- WHAT TO WORK ON -
Find the line in the entries below that contains "Product rule: x". Repeat it exactly, and every line after it through the line that contains "And that brings".

- DATA SUPPLIED -
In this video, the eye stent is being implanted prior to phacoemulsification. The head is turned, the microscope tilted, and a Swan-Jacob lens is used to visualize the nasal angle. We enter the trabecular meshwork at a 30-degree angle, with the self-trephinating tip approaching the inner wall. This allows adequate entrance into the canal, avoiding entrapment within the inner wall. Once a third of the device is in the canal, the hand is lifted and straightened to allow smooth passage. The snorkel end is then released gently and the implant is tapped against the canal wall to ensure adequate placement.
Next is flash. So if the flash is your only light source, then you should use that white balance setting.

...

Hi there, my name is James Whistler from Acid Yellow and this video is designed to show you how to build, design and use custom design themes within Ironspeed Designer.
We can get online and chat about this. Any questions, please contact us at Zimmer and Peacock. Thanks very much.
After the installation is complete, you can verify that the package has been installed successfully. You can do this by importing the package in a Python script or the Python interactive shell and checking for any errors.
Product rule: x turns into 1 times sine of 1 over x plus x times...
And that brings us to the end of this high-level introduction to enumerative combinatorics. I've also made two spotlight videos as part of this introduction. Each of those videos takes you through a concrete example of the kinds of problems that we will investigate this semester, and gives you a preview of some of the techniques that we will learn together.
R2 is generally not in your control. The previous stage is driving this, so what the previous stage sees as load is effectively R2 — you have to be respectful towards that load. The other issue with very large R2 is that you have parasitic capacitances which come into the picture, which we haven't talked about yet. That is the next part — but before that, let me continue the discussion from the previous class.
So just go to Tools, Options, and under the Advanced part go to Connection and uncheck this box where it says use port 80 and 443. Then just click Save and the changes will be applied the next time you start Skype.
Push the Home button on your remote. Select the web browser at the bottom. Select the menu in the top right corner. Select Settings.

- RESPONSE TO THIS EXERCISE -
Product rule: x turns into 1 times sine of 1 over x plus x times...
And that brings us to the end of this high-level introduction to enumerative combinatorics. I've also made two spotlight videos as part of this introduction. Each of those videos takes you through a concrete example of the kinds of problems that we will investigate this semester, and gives you a preview of some of the techniques that we will learn together.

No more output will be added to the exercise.